Let me start by paying homage:  the Strange Invisible Perfumes store on too-cool-to-live Abbot Kinney Boulevard in Venice, Ca., is almost worth a 6,000 mile (carbon-offset) trip in itself.  Indeed, The Scent Critic was so keen to visit this botanical perfumery that when a business trip to Los Angeles was on the cards, a hotel was specifically booked nearby, in order to make a pilgrimage.

Choosing one out of the two dozen or so creations (because SIPs are most certainly not drugstore-priced) was like trying to choose which of your children to save in a fire.  Well, that’s over-dramatising, but it was seriously hard.  Over time, I hope gradually to work my way through more of these otherworldly creations – maybe Black Rosette, with its roses, black tea, leather and spearmint;  deliciously sweet and soft Fire and Cream (think oranges and orange blossom, frankincense, white lavender and vetiver), and crisp-as-a-Mediterranean-morning Peloponnesian, all of which tickled The Scent Critic’s fancy no end.

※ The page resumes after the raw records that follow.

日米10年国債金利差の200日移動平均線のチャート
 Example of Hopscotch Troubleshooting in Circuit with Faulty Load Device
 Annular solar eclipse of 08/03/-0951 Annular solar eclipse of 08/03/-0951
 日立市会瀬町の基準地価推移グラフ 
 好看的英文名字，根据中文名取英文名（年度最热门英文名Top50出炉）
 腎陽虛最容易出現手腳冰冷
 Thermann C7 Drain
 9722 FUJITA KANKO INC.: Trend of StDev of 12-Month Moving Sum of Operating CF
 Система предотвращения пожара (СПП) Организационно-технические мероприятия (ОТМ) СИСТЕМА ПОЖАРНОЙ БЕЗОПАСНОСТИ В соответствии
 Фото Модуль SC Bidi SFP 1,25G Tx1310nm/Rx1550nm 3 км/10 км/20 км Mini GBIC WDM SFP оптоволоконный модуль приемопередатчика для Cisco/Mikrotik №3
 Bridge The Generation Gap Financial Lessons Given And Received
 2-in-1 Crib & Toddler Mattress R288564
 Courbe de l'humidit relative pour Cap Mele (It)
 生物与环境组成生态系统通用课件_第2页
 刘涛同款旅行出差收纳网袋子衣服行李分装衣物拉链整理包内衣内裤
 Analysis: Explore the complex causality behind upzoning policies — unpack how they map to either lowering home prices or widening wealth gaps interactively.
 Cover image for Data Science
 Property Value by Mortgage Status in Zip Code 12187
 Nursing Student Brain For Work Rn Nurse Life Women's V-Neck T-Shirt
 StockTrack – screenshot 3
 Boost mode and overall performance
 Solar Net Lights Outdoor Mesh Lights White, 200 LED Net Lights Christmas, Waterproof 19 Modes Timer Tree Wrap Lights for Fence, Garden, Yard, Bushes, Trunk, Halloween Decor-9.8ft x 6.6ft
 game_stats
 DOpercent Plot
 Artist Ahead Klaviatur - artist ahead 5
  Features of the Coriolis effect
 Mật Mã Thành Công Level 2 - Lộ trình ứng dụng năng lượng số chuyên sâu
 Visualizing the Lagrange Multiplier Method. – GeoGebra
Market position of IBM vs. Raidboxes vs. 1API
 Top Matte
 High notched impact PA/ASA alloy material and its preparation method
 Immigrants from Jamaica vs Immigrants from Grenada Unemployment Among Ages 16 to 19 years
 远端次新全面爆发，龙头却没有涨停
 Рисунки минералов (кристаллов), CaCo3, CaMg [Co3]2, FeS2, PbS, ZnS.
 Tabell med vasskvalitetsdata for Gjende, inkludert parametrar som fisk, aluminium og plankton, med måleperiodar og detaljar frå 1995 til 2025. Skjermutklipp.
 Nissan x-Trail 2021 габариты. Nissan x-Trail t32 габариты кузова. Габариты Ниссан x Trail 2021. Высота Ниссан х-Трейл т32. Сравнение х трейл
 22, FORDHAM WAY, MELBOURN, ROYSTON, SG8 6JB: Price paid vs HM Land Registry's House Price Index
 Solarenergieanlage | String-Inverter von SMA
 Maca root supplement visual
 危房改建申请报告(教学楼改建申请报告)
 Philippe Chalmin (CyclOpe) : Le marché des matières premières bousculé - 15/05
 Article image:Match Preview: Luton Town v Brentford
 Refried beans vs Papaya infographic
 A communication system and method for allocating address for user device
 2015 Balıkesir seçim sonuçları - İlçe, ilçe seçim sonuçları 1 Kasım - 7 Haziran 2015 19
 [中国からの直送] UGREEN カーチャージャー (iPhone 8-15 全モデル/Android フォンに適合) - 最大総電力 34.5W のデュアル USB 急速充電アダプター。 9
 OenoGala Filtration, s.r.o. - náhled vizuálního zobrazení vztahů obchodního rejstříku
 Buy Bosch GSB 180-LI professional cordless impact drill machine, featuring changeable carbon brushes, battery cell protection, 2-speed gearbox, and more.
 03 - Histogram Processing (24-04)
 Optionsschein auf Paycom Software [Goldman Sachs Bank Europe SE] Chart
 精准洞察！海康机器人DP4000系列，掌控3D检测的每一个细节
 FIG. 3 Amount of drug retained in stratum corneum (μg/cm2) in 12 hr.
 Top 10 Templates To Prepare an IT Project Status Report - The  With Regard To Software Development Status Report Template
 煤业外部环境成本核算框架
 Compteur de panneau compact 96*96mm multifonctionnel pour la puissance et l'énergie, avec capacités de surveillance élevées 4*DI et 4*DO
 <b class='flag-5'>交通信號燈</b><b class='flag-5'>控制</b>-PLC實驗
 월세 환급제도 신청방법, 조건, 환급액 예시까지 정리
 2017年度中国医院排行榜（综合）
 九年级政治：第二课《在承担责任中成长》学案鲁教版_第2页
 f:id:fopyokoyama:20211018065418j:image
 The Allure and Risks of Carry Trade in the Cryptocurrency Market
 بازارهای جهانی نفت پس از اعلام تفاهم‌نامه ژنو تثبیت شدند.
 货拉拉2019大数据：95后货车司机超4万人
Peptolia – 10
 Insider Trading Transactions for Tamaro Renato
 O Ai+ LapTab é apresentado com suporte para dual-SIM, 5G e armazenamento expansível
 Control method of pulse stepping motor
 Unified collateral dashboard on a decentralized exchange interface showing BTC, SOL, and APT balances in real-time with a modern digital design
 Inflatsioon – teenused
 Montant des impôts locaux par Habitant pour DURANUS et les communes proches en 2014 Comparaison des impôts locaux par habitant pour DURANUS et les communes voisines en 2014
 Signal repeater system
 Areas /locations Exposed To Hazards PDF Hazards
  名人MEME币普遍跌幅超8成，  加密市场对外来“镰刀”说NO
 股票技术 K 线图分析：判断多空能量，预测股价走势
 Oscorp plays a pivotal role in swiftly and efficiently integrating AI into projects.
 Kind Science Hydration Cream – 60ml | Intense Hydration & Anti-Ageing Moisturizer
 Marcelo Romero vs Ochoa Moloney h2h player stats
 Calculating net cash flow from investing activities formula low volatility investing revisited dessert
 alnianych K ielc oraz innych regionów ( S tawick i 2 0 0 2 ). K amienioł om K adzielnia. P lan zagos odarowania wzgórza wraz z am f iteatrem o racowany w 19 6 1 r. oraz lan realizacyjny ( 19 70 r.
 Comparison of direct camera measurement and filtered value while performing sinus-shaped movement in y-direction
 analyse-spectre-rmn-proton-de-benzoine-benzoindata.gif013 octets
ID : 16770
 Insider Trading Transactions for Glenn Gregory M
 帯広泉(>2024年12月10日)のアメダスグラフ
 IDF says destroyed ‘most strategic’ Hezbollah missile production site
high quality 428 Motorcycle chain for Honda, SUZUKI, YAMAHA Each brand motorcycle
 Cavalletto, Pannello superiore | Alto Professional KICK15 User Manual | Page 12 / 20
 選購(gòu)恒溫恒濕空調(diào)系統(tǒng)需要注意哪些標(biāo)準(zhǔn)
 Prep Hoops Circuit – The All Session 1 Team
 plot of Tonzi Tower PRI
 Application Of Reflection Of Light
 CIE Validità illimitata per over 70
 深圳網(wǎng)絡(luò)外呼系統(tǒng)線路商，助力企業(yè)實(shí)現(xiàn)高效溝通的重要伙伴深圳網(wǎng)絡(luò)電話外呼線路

Though I didn’t fall in love with every single creation, none was less than intriguing.  In the end, after much sniffing of nostril-refreshing coffee beans, I settled on the joyous nectar that is L’Invisible (in eau de parfum format):  an ethereal synergy of amber, moss, ylang-ylang, rose and lemon.  Described as the ‘Little Black Dress’ of the Strange Invisible collection, it’s more akin to a Paris scent than many of the more truly ‘botanical’ botanicals in the collection – but I’m wearing it everyday and love, love, loving its fresh/warm contrasts.

The weird thing is, it smells just like L.A., to me – and maybe that’s why I love it:.  Not the diesel-fume-laden freeway L.A., or the fast-food-aromas-L.A., but a stroll through the traffic-free lanes of residential Santa Monica and Venice L.A.:  sun-warmed, delivering bursts of citrussy scents from trees in blossom or sometimes laden with fruit (always a miracle to someone from a more apple-y climate), with roses scrambling everywhere and blowsy hibiscus bursting through picket fences.

It’s seriously nuzzleable, one of those scents that has strangers looking at you weirdly as you find yourself burying your nose in the crook of your own elbow.  There’s nothing in-yer-face about any of SIP’s scents:  they’re very much about the personal enjoyment of perfumery, rather than spray-to-impress.  L’Invisible smells like the skin of someone you really, really love, up-close-and-personal.  There’s a slightly feral note, when I first spray it on my skin:  not the usual alcohol rush delivered by some scents, but something animalic.  Yet that fight-or-flight whoosy mellows in an accelerated heartbeat, morphing into softer and sweeter.  If you ask me, there’s something afternoon-at-the-beach about it, too:  when your skin’s been toasted by the sun, and the teensiest fragrant traces of expensive French suntan oil remain.

It’s dreamy, floaty, woozy.  And altogether pretty heavenly.  Over time, a vanilla-amber warmth emerges:  a flickering, lightly smoking fire, a cashmere blanket swathed around you, on a chilly, clear L.A. night, with a resinous candle burning somewhere on a coffee table in the next room.  Cosy.  Definitely cosy, after a while.

A little background, meanwhile:  Alexandra Balahoutis, the ‘botanical perfumer’ behind Strange Invisible Perfumes, is kinda Hollywood royalty:  the stepdaughter of successful film and TV Jerry Bruckheimer, and daughter of Linda a ‘preservation activist’.  Maybe that’s where she got her ‘green’ leanings, but the raison d’etre of SIP (as it’s known) is to offer a botanically-based alternative to the highly synthesised fragrances which predominate, certainly, on that side of the Atlantic.  The production process is fascinating:  many of the botanicals are grown on Alexandra’s family farm in Ojai, a hippie-ish enclave north of L.A., then expertly hydro-distilled using a special process n which the plants and flowers only slowly give up their perfumed secrets.  (No steam-blasting for these precious flowers.)  The base, universally, is organic grape alcohol – which to The Scent Critic seems way gentler on the senses than the cheap stuff;  wherever possible, the ingredients are organically-certified and/or biodynamic or wild-crafted.

And what of the name?  It’s Shakespeare-inspired:  ‘From the barge, a strange invisible perfume hits the sense of the adjacent wharf…’  (Antony and Cleopatra.)  Clever-clogs will spot other literary references running through SIP’s collection, too.  All of which makes me want to get to know Alexandra a little better, and get to know her perfumes a lot better.  In a fragrance world that’s frequently dumbed-down, Strange Invisible Perfumes – which could equally be called Strange Intelligent Perfumes – is the kind of sense-tingling discovery that makes a 6,000-mile trip across several time zones, and lying awake in your hotel room at 3 a.m., actually pleasurable.

So:  excuse me while I sniff my elbow.